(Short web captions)
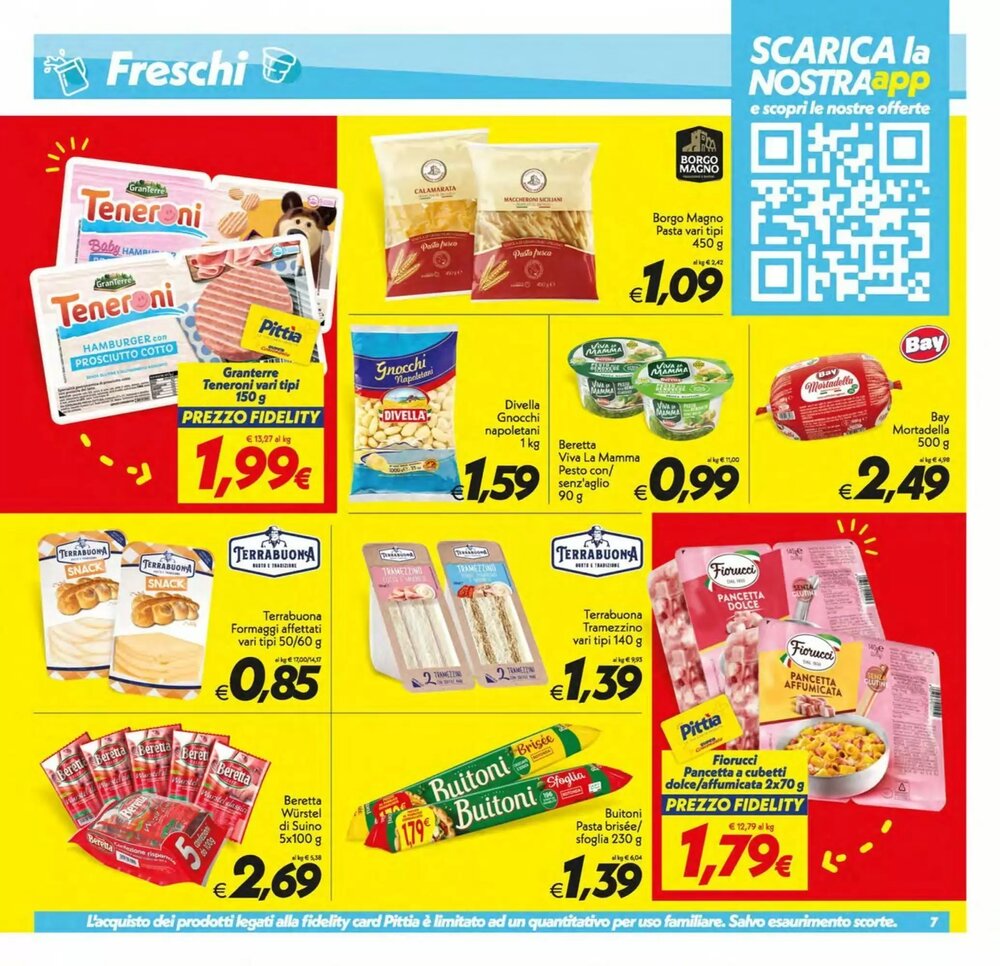 Volantino promozionale Iper Super Conveniente  valide dal 05/01/2026 - Pagina 7.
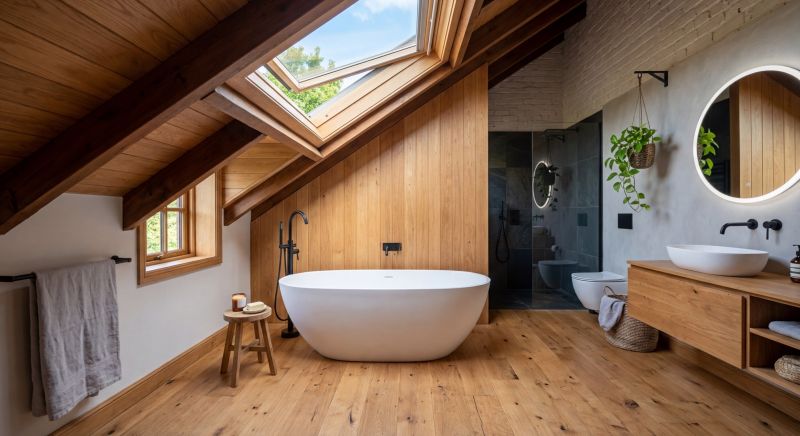 Attic Bathroom Remodeling in Portland, ME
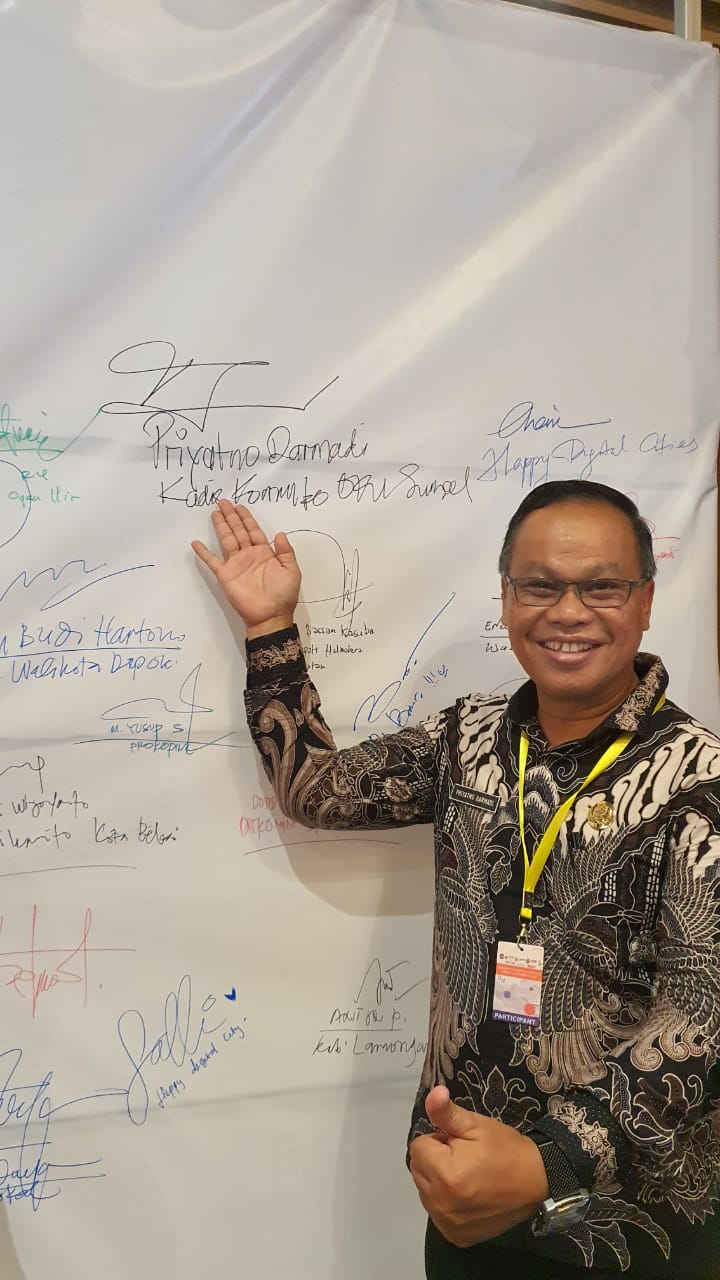 3 Kabupaten di Sumsel Menuju Smart City 2023, Salahsatunya Kabupaten Musi Banyuasin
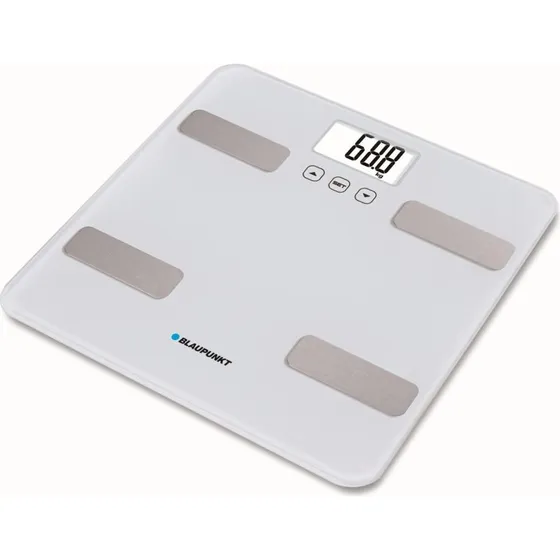 Blaupunkt BSM501 Badevægt Hvid med Kropsanalyse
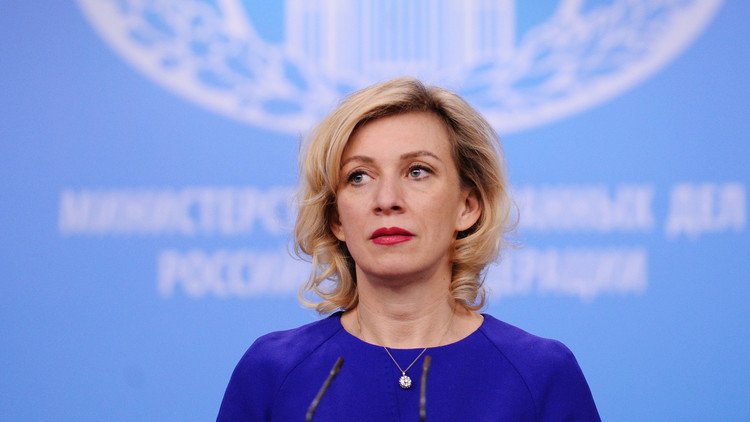 زاخاروفا: صمت الغرب يدل على موقفه الحقيقي من الإرهاب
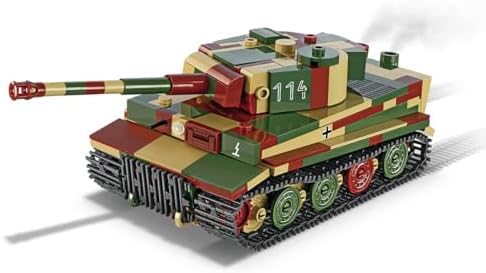 cobi musee des blindes collection pz.kpfw. vi tiger, main product view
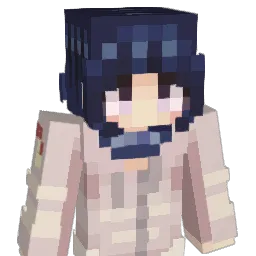 Song54 Minecraft avatar bust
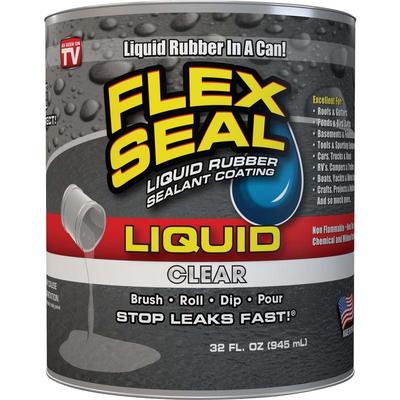 FLEX SEAL 1 Gal. Liquid Rubber Sealant, Clear - 1 Each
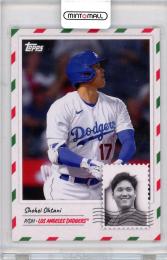 2023 TOPPS holiday Shohei Ohtani #1 Los Angeles Dodgers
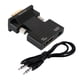 thumbnail image 4 of WAITLOVER Cable adaptador convertidor HDMI hembra a VGA macho con salida de audio 1080P, 4 of 6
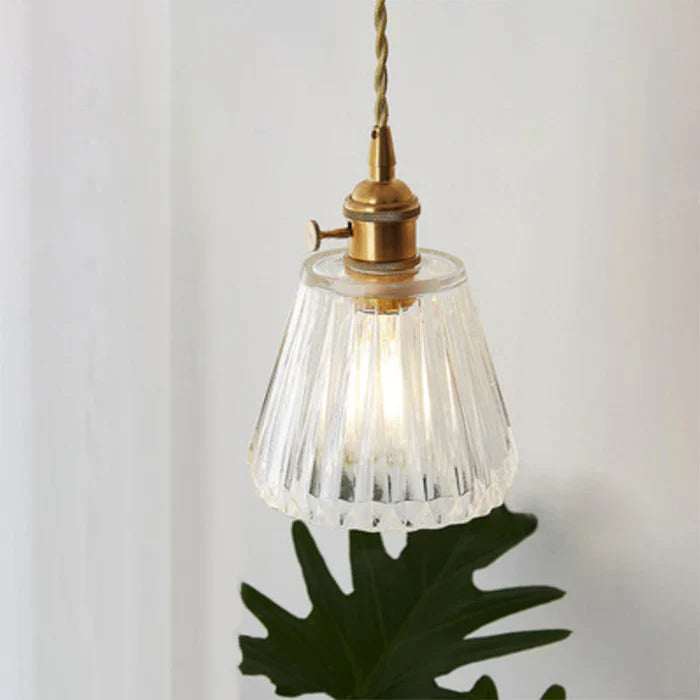 Glass Pendant Lamp - OpulentGlow | Skanto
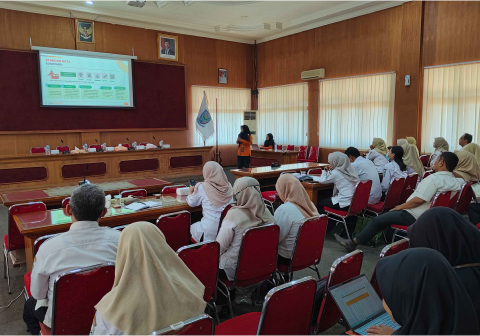 Pemkab Purbalingga dan Badan Pusat Statistik (BPS) menyelenggarakan kegiatan Pembinaan Statistik Sektoral di Ruang Ardi Lawet Setda Kabupaten Purbalingga, pada hari Rabu 12 Agustus 2026. Pemkab Purbalingga dan Badan Pusat Statistik (BPS) menyelenggarakan kegiatan Pembinaan Statistik Sektoral di Ruang Ardi Lawet Setda Kabupaten Purbalingga, pada hari Rabu 12 Agustus 2026.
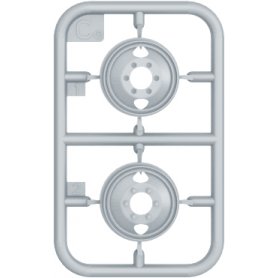 Mini Art 1:35 ZIS-6 family wheels set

DIRECTIONS. Give again, word for word, every line from the top of the entries above to the line holding "Glass Pendant Lamp - OpulentGlow | Skanto", both included. Leave the pictures out.

ANSWER BOX.
 Volantino promozionale Iper Super Conveniente  valide dal 05/01/2026 - Pagina 7.
 Attic Bathroom Remodeling in Portland, ME
 3 Kabupaten di Sumsel Menuju Smart City 2023, Salahsatunya Kabupaten Musi Banyuasin
 Blaupunkt BSM501 Badevægt Hvid med Kropsanalyse
 زاخاروفا: صمت الغرب يدل على موقفه الحقيقي من الإرهاب
 cobi musee des blindes collection pz.kpfw. vi tiger, main product view
 Song54 Minecraft avatar bust
 FLEX SEAL 1 Gal. Liquid Rubber Sealant, Clear - 1 Each
 2023 TOPPS holiday Shohei Ohtani #1 Los Angeles Dodgers
 thumbnail image 4 of WAITLOVER Cable adaptador convertidor HDMI hembra a VGA macho con salida de audio 1080P, 4 of 6
 Glass Pendant Lamp - OpulentGlow | Skanto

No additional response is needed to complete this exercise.